- Given data -

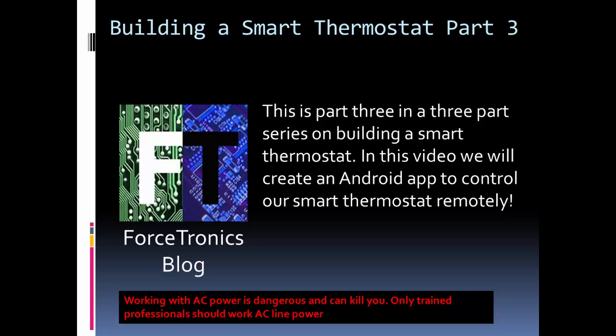Hello and welcome to the Forcetronics blog and YouTube channel. I'm excited to bring you part three of building a smart thermostat. This is the conclusion, this is the finished product we're going to see in this project.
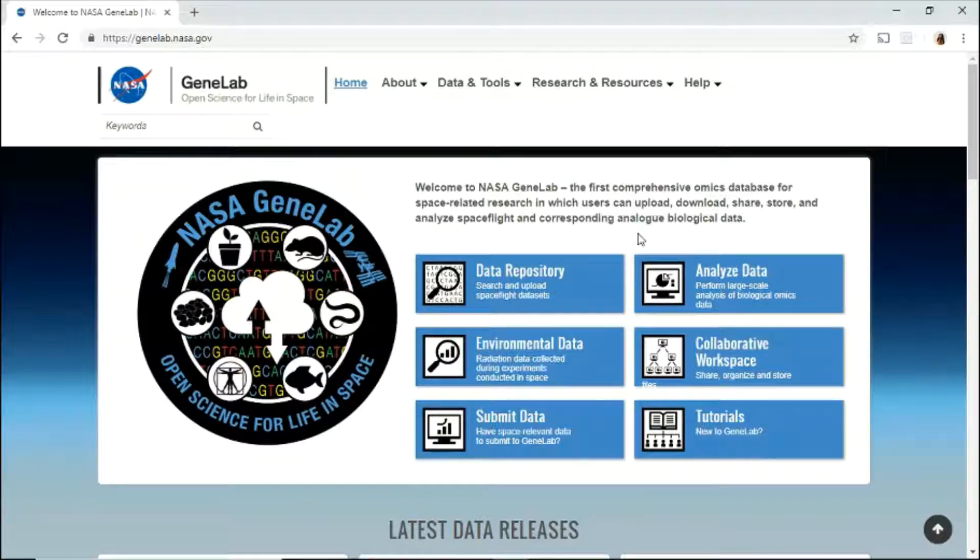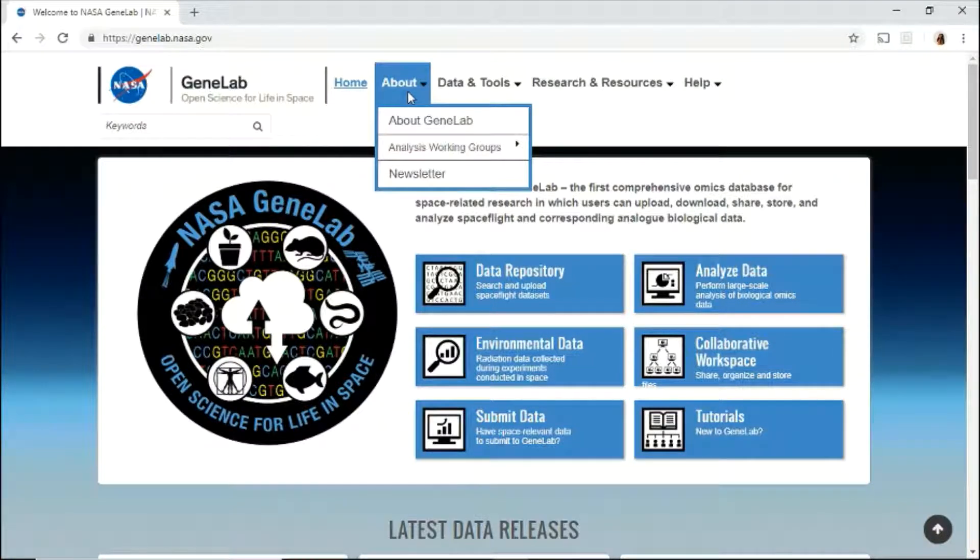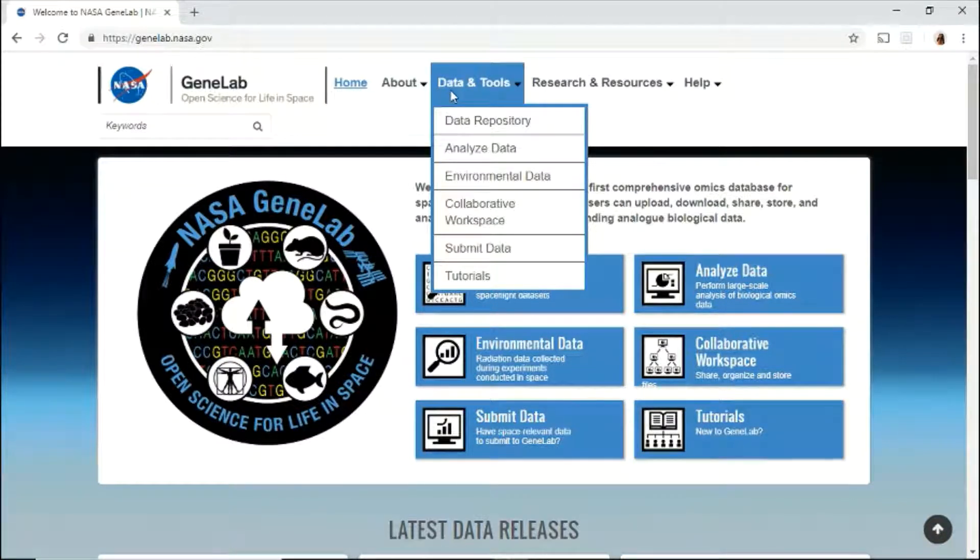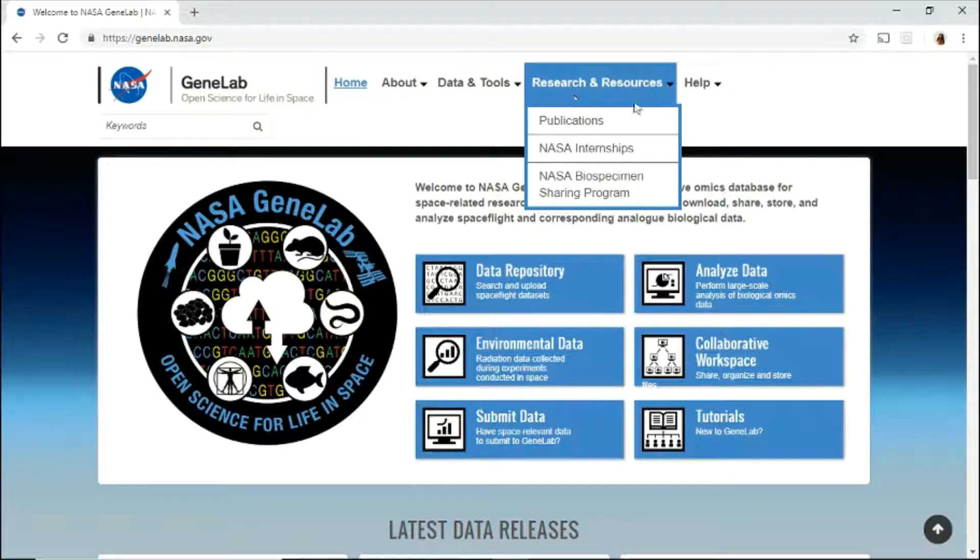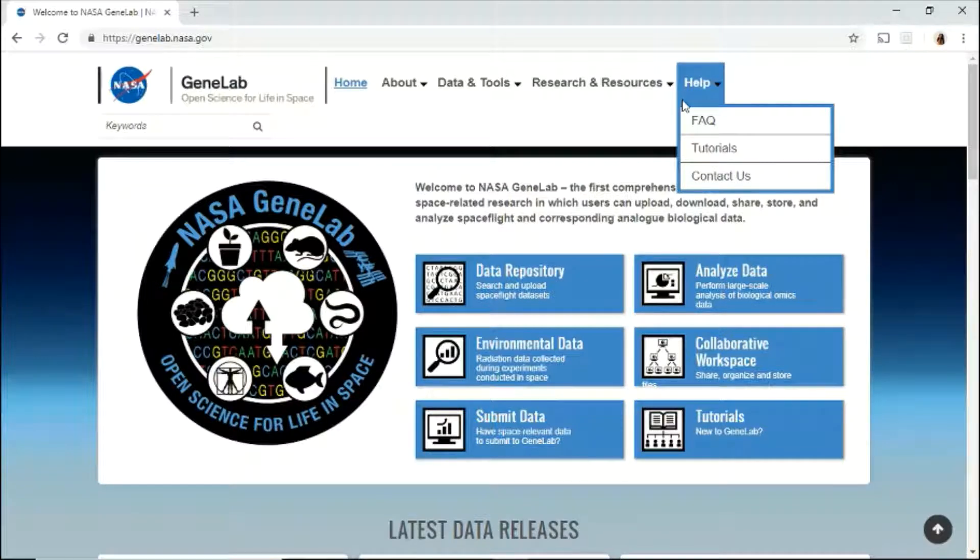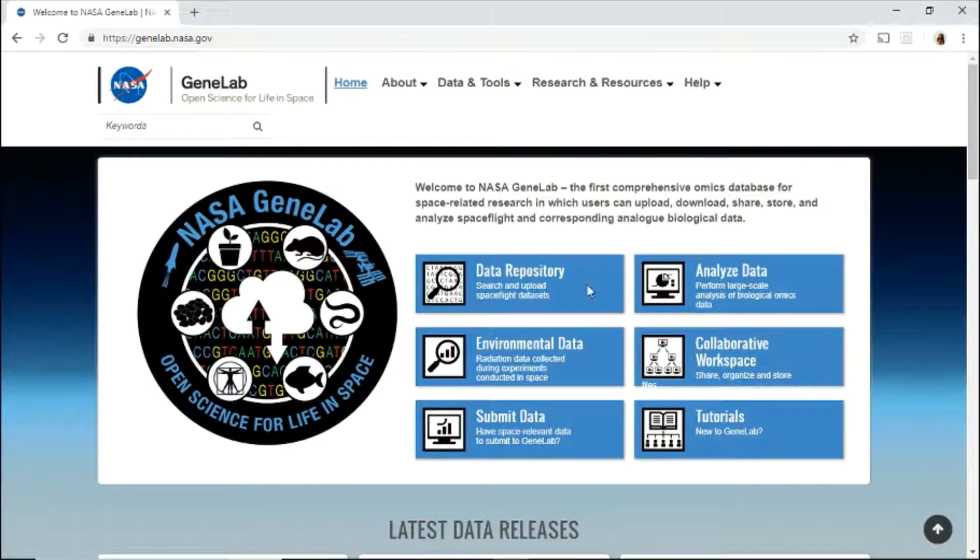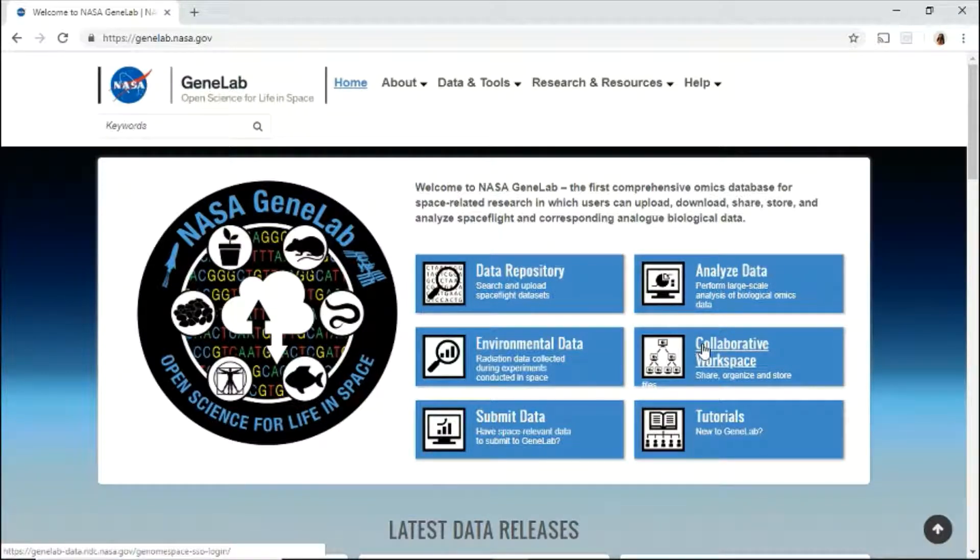On the home page, use the top menu to navigate through the different pages. Learn about GeneLab, explore the data and tools, find information about research and various resources, and use the help menu for tutorials and contact information. You may also use the buttons here to navigate through the various data and tools available in the GeneLab data system.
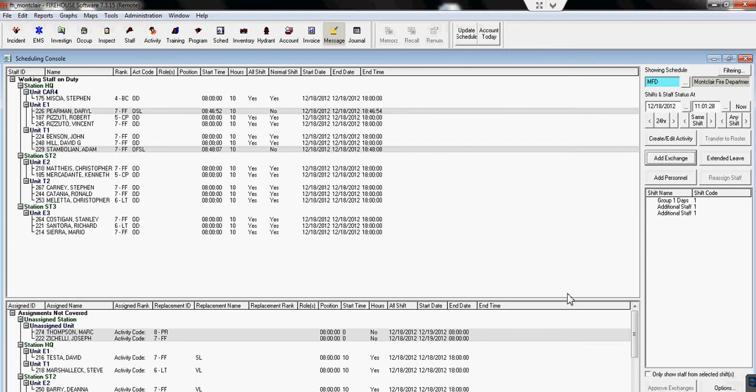This video will show you how to put in a time off where there is an overtime replacement or if it's an exchange.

- Directions -
The answer must repeat every line of the listing exactly and leave the pictures out.

- Response -
Hello and welcome to the Forcetronics blog and YouTube channel. I'm excited to bring you part three of building a smart thermostat. This is the conclusion, this is the finished product we're going to see in this project.
On the home page, use the top menu to navigate through the different pages. Learn about GeneLab, explore the data and tools, find information about research and various resources, and use the help menu for tutorials and contact information. You may also use the buttons here to navigate through the various data and tools available in the GeneLab data system.
This video will show you how to put in a time off where there is an overtime replacement or if it's an exchange.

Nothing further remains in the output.